La Cina ha iniziato la sua espansione in Africa alla fine del ‘900 sostenendo un modello di collaborazione alternativo a quello coloniale occidentale. L’approccio cinese è soprattutto di natura economica, non vincolando la propria collaborazione a pregiudiziali ideologiche o modelli di governo e praticando la “non ingerenza negli affari interni” ma chiedendo l’adesione alla “One China Policy”. La Cina partecipa con un proprio contingente alle missioni ONU e dal 2017 ha aperto una propria base a Gibuti, ma il principale interesse rimane di natura prettamente economica, appoggiato da attività di soft power mirate a favorire il consenso verso la politica di Pechino.

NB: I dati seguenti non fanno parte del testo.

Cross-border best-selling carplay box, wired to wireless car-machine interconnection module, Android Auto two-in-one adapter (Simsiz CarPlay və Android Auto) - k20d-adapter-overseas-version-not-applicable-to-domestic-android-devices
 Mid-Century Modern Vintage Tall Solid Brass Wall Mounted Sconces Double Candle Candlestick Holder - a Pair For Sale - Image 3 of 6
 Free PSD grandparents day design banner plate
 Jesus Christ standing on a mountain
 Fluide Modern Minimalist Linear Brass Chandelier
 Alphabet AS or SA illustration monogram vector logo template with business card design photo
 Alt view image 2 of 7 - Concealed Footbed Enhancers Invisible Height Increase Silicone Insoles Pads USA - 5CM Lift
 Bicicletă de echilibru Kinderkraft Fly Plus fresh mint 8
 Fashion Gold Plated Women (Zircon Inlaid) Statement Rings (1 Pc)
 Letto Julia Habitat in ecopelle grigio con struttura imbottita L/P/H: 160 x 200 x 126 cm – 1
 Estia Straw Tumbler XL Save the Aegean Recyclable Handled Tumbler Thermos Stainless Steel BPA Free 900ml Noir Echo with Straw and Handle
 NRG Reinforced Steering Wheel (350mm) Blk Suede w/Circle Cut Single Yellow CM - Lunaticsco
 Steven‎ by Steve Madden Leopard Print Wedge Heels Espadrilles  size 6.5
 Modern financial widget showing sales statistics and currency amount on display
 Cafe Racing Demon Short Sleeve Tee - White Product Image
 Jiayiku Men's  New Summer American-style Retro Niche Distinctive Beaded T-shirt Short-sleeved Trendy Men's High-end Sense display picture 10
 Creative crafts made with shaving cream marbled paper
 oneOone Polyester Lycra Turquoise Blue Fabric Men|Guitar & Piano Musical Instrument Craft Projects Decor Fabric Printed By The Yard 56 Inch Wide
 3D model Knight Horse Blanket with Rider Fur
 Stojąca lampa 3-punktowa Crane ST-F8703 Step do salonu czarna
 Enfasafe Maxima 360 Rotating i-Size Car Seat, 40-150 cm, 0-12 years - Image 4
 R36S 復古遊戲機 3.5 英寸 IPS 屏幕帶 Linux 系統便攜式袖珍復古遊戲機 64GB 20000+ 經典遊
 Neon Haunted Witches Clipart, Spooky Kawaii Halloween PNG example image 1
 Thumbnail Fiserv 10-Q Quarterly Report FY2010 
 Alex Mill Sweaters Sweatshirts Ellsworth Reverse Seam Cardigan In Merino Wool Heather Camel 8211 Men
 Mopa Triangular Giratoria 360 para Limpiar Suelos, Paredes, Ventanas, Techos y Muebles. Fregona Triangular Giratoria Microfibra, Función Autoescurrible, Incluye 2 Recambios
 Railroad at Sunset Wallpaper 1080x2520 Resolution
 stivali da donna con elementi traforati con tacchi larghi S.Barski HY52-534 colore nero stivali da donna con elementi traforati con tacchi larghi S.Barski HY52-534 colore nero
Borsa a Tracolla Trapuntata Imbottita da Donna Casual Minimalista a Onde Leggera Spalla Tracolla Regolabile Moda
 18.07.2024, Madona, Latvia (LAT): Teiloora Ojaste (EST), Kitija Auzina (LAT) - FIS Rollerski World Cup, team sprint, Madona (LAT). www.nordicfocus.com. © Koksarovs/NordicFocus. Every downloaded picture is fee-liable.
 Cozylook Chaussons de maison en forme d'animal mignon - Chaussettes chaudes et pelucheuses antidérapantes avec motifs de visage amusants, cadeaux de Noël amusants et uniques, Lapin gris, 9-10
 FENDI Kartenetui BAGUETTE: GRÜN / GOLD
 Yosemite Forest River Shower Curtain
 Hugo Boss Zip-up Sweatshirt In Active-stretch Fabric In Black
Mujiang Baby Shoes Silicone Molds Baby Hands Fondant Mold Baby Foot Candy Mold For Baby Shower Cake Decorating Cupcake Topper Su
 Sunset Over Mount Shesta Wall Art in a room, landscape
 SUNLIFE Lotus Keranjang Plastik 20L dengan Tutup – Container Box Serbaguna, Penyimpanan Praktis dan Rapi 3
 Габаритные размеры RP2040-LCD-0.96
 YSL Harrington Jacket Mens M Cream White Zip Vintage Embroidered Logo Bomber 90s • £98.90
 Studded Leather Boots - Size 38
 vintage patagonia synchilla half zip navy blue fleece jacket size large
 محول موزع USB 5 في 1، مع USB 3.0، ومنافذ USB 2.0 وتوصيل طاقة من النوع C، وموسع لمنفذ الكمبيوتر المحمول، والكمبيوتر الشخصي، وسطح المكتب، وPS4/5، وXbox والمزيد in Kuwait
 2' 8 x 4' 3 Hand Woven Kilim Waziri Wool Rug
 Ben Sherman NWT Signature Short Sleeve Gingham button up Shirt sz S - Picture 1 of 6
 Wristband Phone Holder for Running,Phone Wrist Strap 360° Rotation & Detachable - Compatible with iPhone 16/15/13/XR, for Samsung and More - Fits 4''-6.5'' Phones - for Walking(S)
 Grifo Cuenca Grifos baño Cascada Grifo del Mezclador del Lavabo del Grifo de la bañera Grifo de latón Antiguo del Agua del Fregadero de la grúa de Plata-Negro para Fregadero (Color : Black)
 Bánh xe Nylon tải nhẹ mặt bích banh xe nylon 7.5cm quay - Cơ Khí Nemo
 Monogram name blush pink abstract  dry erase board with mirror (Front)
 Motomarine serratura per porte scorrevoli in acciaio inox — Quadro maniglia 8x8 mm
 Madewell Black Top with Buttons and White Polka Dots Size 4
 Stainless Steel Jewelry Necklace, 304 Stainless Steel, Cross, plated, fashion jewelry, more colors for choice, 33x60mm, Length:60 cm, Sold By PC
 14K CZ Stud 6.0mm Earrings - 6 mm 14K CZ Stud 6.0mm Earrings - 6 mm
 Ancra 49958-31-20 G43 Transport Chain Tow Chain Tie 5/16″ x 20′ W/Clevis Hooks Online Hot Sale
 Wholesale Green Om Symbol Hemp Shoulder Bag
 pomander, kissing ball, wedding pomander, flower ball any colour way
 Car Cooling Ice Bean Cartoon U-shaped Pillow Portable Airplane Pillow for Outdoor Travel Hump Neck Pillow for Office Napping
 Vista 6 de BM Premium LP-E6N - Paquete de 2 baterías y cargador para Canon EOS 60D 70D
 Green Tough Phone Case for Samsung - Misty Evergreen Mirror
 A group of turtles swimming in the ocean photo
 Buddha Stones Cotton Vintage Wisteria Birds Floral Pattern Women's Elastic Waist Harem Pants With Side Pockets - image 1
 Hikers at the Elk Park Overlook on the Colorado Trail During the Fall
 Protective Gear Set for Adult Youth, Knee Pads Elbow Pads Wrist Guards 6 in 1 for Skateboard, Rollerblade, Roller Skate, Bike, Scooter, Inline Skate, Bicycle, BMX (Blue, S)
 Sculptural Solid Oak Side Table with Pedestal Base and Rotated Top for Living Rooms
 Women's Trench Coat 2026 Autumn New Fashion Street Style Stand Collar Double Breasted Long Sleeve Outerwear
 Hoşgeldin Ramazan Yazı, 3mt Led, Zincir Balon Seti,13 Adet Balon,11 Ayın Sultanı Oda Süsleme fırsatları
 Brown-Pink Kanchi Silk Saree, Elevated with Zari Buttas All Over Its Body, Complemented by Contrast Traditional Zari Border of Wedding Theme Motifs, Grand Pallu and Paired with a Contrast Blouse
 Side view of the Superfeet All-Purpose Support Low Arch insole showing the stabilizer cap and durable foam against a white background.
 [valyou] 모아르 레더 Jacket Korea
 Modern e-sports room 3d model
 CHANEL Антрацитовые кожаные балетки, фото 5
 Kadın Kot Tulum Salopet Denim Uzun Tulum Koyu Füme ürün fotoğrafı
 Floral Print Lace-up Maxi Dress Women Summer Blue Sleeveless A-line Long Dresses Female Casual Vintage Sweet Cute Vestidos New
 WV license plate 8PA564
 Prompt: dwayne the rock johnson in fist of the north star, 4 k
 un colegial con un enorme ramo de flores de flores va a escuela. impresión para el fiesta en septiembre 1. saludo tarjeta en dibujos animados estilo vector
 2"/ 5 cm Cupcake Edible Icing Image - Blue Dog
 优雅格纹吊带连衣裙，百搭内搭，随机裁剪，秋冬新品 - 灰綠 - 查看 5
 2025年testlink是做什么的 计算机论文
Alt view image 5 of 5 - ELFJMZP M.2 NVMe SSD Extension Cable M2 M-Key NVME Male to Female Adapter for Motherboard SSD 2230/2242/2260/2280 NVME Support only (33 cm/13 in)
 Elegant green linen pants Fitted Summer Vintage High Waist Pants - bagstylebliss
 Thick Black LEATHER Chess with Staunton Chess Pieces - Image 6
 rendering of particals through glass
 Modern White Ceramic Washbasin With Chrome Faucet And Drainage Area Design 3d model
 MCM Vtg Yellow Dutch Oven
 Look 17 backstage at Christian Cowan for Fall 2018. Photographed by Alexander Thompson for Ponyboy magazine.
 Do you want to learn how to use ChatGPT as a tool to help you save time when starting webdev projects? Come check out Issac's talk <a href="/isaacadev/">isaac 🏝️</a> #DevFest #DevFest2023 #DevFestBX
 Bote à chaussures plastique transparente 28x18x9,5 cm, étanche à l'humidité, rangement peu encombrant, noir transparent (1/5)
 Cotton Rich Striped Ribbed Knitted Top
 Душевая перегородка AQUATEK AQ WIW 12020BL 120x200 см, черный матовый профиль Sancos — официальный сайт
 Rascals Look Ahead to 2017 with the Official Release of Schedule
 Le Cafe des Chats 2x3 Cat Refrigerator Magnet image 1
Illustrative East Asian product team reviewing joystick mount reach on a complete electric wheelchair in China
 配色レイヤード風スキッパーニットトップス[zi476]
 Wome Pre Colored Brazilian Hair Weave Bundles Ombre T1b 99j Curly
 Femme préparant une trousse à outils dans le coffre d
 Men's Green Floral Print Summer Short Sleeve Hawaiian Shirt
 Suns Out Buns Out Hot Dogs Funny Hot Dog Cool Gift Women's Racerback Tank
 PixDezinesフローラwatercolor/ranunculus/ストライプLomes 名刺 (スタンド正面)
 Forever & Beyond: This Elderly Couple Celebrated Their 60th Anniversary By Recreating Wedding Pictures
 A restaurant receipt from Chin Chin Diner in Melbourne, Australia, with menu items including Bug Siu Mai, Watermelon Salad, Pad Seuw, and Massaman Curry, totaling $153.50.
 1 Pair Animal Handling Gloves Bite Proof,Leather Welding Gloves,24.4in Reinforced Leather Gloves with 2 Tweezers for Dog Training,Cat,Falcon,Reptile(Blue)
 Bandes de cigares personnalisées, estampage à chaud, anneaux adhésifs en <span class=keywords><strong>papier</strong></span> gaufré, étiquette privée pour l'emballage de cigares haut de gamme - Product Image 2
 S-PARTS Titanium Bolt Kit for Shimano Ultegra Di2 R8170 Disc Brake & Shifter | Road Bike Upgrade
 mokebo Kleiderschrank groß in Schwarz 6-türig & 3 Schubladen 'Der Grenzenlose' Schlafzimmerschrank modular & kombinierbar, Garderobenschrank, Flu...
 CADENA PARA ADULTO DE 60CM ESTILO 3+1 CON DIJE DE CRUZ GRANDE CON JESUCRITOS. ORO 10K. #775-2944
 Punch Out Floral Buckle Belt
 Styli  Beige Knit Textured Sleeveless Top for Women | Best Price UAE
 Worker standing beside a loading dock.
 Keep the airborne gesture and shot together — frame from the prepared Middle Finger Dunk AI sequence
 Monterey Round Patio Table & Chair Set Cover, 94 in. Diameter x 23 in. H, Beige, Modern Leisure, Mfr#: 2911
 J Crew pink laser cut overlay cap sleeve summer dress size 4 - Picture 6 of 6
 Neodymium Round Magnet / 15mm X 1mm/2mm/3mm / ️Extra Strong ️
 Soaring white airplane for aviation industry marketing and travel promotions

L’UE è presente nel Sahel come attore di rilievo perseguendo quattro obiettivi previsti dal Piano d’Azione Regionale del Sahel (RAP) 2015–2020, rivisto nel 2016: prevenire e contrastare la radicalizzazione, creare un’adeguata condizione di vita sociale per i giovani, controllare la migrazione e la mobilità, gestire le frontiere, lottare contro il traffico illecito e la criminalità organizzata transnazionale. Questi obiettivi sono la vera essenza della politica della UE per contrastare le migrazioni irregolari.

Conclusioni

Il Sahel si configura come un’area di grande fragilità e instabilità, preda delle ataviche lotte tribali e povertà sulle quali poteri terroristici e criminali riescono ad avere una forte presa contrastando anche gli interventi internazionali che mirano a migliorare le condizioni di vita. Per quanto possa avere le potenzialità per ottenere significativi miglioramenti, è purtroppo facile immaginare che quest’area continuerà, per un lungo futuro, a rimanere sottosviluppata e al centro dello scontro tra potenze contrapposte.